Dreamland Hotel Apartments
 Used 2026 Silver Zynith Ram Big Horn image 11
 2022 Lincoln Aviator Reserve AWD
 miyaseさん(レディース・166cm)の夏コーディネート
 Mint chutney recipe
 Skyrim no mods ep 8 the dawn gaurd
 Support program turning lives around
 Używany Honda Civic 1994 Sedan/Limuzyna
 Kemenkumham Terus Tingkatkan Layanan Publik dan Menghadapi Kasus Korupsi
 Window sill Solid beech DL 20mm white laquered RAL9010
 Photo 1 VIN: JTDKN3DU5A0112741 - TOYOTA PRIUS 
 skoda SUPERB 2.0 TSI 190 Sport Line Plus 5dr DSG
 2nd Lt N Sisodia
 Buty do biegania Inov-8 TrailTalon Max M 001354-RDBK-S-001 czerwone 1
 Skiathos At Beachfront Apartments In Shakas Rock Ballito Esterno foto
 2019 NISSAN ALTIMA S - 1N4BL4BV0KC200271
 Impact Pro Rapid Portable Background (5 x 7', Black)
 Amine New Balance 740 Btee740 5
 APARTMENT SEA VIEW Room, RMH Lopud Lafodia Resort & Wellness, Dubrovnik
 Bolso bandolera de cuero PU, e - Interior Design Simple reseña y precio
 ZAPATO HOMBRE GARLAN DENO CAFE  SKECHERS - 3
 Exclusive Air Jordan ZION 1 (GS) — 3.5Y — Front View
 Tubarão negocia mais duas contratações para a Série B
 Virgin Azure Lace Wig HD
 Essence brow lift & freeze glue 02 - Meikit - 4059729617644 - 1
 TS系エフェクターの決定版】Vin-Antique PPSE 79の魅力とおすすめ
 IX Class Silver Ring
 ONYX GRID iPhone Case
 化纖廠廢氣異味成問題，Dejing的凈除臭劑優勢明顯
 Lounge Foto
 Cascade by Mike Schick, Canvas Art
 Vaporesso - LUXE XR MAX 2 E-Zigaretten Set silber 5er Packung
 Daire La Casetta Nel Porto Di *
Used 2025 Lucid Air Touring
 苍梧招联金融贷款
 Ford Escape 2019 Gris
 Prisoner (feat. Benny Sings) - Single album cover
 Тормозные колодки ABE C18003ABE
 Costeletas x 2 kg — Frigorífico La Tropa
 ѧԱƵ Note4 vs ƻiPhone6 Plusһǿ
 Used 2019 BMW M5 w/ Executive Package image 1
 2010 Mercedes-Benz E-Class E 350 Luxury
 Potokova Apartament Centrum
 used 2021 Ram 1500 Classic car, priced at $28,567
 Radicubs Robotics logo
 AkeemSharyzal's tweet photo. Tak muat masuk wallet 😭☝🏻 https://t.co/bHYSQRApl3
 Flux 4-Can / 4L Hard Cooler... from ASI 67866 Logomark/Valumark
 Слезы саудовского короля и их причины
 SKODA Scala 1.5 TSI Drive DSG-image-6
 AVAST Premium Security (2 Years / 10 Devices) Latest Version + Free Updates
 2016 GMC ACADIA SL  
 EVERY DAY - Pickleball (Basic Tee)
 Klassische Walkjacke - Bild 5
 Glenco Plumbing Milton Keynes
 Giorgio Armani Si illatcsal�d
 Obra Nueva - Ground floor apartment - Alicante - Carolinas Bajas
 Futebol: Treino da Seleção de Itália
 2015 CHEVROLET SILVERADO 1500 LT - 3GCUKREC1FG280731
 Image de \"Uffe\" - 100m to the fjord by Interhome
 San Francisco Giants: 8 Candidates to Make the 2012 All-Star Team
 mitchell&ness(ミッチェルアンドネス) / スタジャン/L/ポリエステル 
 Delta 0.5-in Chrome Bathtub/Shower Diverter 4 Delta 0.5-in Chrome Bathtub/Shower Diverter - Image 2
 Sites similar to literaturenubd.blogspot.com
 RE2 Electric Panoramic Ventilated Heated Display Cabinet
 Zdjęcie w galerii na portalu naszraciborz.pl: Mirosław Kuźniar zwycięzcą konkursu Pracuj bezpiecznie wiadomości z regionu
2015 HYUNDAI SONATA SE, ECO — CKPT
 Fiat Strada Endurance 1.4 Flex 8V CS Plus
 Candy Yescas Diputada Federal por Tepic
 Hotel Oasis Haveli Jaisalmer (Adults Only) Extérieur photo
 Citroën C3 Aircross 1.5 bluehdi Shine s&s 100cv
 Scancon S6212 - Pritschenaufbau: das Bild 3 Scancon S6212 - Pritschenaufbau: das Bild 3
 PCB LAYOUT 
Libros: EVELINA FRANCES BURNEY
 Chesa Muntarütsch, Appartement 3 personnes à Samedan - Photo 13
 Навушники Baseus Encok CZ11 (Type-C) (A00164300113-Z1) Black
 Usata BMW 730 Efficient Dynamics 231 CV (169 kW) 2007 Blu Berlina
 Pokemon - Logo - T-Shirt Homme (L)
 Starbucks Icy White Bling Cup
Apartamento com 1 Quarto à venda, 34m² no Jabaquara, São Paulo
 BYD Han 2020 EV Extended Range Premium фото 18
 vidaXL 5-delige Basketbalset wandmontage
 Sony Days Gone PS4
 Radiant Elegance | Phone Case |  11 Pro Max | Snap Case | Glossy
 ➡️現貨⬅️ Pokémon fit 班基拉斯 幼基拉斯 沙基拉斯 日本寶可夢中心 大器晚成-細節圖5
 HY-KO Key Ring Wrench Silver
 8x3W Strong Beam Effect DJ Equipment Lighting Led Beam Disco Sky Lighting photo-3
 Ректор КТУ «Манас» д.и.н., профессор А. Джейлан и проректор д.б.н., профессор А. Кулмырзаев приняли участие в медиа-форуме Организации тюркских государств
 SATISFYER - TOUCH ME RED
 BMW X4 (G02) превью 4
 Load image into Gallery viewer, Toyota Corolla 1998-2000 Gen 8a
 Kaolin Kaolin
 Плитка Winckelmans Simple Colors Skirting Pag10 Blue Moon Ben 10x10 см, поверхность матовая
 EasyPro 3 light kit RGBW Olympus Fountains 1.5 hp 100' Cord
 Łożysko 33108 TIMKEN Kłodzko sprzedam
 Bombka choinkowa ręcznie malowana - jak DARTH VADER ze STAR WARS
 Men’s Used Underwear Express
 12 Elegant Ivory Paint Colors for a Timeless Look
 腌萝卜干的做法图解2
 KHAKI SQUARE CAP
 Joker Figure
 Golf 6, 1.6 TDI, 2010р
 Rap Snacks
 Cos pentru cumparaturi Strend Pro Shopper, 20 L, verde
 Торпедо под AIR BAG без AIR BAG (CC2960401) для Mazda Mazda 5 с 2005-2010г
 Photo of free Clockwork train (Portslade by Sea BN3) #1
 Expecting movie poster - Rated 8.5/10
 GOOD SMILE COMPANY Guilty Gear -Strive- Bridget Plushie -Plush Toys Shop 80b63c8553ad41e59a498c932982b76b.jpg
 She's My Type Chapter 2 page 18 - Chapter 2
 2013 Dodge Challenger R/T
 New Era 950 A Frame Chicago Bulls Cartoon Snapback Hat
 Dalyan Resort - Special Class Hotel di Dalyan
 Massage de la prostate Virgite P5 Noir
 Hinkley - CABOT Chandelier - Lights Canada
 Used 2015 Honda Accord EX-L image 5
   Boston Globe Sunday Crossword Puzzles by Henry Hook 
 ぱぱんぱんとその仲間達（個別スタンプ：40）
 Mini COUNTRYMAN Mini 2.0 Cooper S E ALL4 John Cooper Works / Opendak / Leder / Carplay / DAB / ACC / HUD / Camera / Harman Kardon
※
Problem statement: Go through the material above and set each line down verbatim.

Solution to this exercise:
Dreamland Hotel Apartments
 Used 2026 Silver Zynith Ram Big Horn image 11
 2022 Lincoln Aviator Reserve AWD
 miyaseさん(レディース・166cm)の夏コーディネート
 Mint chutney recipe
 Skyrim no mods ep 8 the dawn gaurd
 Support program turning lives around
 Używany Honda Civic 1994 Sedan/Limuzyna
 Kemenkumham Terus Tingkatkan Layanan Publik dan Menghadapi Kasus Korupsi
 Window sill Solid beech DL 20mm white laquered RAL9010
 Photo 1 VIN: JTDKN3DU5A0112741 - TOYOTA PRIUS 
 skoda SUPERB 2.0 TSI 190 Sport Line Plus 5dr DSG
 2nd Lt N Sisodia
 Buty do biegania Inov-8 TrailTalon Max M 001354-RDBK-S-001 czerwone 1
 Skiathos At Beachfront Apartments In Shakas Rock Ballito Esterno foto
 2019 NISSAN ALTIMA S - 1N4BL4BV0KC200271
 Impact Pro Rapid Portable Background (5 x 7', Black)
 Amine New Balance 740 Btee740 5
 APARTMENT SEA VIEW Room, RMH Lopud Lafodia Resort & Wellness, Dubrovnik
 Bolso bandolera de cuero PU, e - Interior Design Simple reseña y precio
 ZAPATO HOMBRE GARLAN DENO CAFE  SKECHERS - 3
 Exclusive Air Jordan ZION 1 (GS) — 3.5Y — Front View
 Tubarão negocia mais duas contratações para a Série B
 Virgin Azure Lace Wig HD
 Essence brow lift & freeze glue 02 - Meikit - 4059729617644 - 1
 TS系エフェクターの決定版】Vin-Antique PPSE 79の魅力とおすすめ
 IX Class Silver Ring
 ONYX GRID iPhone Case
 化纖廠廢氣異味成問題，Dejing的凈除臭劑優勢明顯
 Lounge Foto
 Cascade by Mike Schick, Canvas Art
 Vaporesso - LUXE XR MAX 2 E-Zigaretten Set silber 5er Packung
 Daire La Casetta Nel Porto Di *
Used 2025 Lucid Air Touring
 苍梧招联金融贷款
 Ford Escape 2019 Gris
 Prisoner (feat. Benny Sings) - Single album cover
 Тормозные колодки ABE C18003ABE
 Costeletas x 2 kg — Frigorífico La Tropa
 ѧԱƵ Note4 vs ƻiPhone6 Plusһǿ
 Used 2019 BMW M5 w/ Executive Package image 1
 2010 Mercedes-Benz E-Class E 350 Luxury
 Potokova Apartament Centrum
 used 2021 Ram 1500 Classic car, priced at $28,567
 Radicubs Robotics logo
 AkeemSharyzal's tweet photo. Tak muat masuk wallet 😭☝🏻 https://t.co/bHYSQRApl3
 Flux 4-Can / 4L Hard Cooler... from ASI 67866 Logomark/Valumark
 Слезы саудовского короля и их причины
 SKODA Scala 1.5 TSI Drive DSG-image-6
 AVAST Premium Security (2 Years / 10 Devices) Latest Version + Free Updates
 2016 GMC ACADIA SL  
 EVERY DAY - Pickleball (Basic Tee)
 Klassische Walkjacke - Bild 5
 Glenco Plumbing Milton Keynes
 Giorgio Armani Si illatcsal�d
 Obra Nueva - Ground floor apartment - Alicante - Carolinas Bajas
 Futebol: Treino da Seleção de Itália
 2015 CHEVROLET SILVERADO 1500 LT - 3GCUKREC1FG280731
 Image de \"Uffe\" - 100m to the fjord by Interhome
 San Francisco Giants: 8 Candidates to Make the 2012 All-Star Team
 mitchell&ness(ミッチェルアンドネス) / スタジャン/L/ポリエステル 
 Delta 0.5-in Chrome Bathtub/Shower Diverter 4 Delta 0.5-in Chrome Bathtub/Shower Diverter - Image 2
 Sites similar to literaturenubd.blogspot.com
 RE2 Electric Panoramic Ventilated Heated Display Cabinet
 Zdjęcie w galerii na portalu naszraciborz.pl: Mirosław Kuźniar zwycięzcą konkursu Pracuj bezpiecznie wiadomości z regionu
2015 HYUNDAI SONATA SE, ECO — CKPT
 Fiat Strada Endurance 1.4 Flex 8V CS Plus
 Candy Yescas Diputada Federal por Tepic
 Hotel Oasis Haveli Jaisalmer (Adults Only) Extérieur photo
 Citroën C3 Aircross 1.5 bluehdi Shine s&s 100cv
 Scancon S6212 - Pritschenaufbau: das Bild 3 Scancon S6212 - Pritschenaufbau: das Bild 3
 PCB LAYOUT 
Libros: EVELINA FRANCES BURNEY
 Chesa Muntarütsch, Appartement 3 personnes à Samedan - Photo 13
 Навушники Baseus Encok CZ11 (Type-C) (A00164300113-Z1) Black
 Usata BMW 730 Efficient Dynamics 231 CV (169 kW) 2007 Blu Berlina
 Pokemon - Logo - T-Shirt Homme (L)
 Starbucks Icy White Bling Cup
Apartamento com 1 Quarto à venda, 34m² no Jabaquara, São Paulo
 BYD Han 2020 EV Extended Range Premium фото 18
 vidaXL 5-delige Basketbalset wandmontage
 Sony Days Gone PS4
 Radiant Elegance | Phone Case |  11 Pro Max | Snap Case | Glossy
 ➡️現貨⬅️ Pokémon fit 班基拉斯 幼基拉斯 沙基拉斯 日本寶可夢中心 大器晚成-細節圖5
 HY-KO Key Ring Wrench Silver
 8x3W Strong Beam Effect DJ Equipment Lighting Led Beam Disco Sky Lighting photo-3
 Ректор КТУ «Манас» д.и.н., профессор А. Джейлан и проректор д.б.н., профессор А. Кулмырзаев приняли участие в медиа-форуме Организации тюркских государств
 SATISFYER - TOUCH ME RED
 BMW X4 (G02) превью 4
 Load image into Gallery viewer, Toyota Corolla 1998-2000 Gen 8a
 Kaolin Kaolin
 Плитка Winckelmans Simple Colors Skirting Pag10 Blue Moon Ben 10x10 см, поверхность матовая
 EasyPro 3 light kit RGBW Olympus Fountains 1.5 hp 100' Cord
 Łożysko 33108 TIMKEN Kłodzko sprzedam
 Bombka choinkowa ręcznie malowana - jak DARTH VADER ze STAR WARS
 Men’s Used Underwear Express
 12 Elegant Ivory Paint Colors for a Timeless Look
 腌萝卜干的做法图解2
 KHAKI SQUARE CAP
 Joker Figure
 Golf 6, 1.6 TDI, 2010р
 Rap Snacks
 Cos pentru cumparaturi Strend Pro Shopper, 20 L, verde
 Торпедо под AIR BAG без AIR BAG (CC2960401) для Mazda Mazda 5 с 2005-2010г
 Photo of free Clockwork train (Portslade by Sea BN3) #1
 Expecting movie poster - Rated 8.5/10
 GOOD SMILE COMPANY Guilty Gear -Strive- Bridget Plushie -Plush Toys Shop 80b63c8553ad41e59a498c932982b76b.jpg
 She's My Type Chapter 2 page 18 - Chapter 2
 2013 Dodge Challenger R/T
 New Era 950 A Frame Chicago Bulls Cartoon Snapback Hat
 Dalyan Resort - Special Class Hotel di Dalyan
 Massage de la prostate Virgite P5 Noir
 Hinkley - CABOT Chandelier - Lights Canada
 Used 2015 Honda Accord EX-L image 5
   Boston Globe Sunday Crossword Puzzles by Henry Hook 
 ぱぱんぱんとその仲間達（個別スタンプ：40）
 Mini COUNTRYMAN Mini 2.0 Cooper S E ALL4 John Cooper Works / Opendak / Leder / Carplay / DAB / ACC / HUD / Camera / Harman Kardon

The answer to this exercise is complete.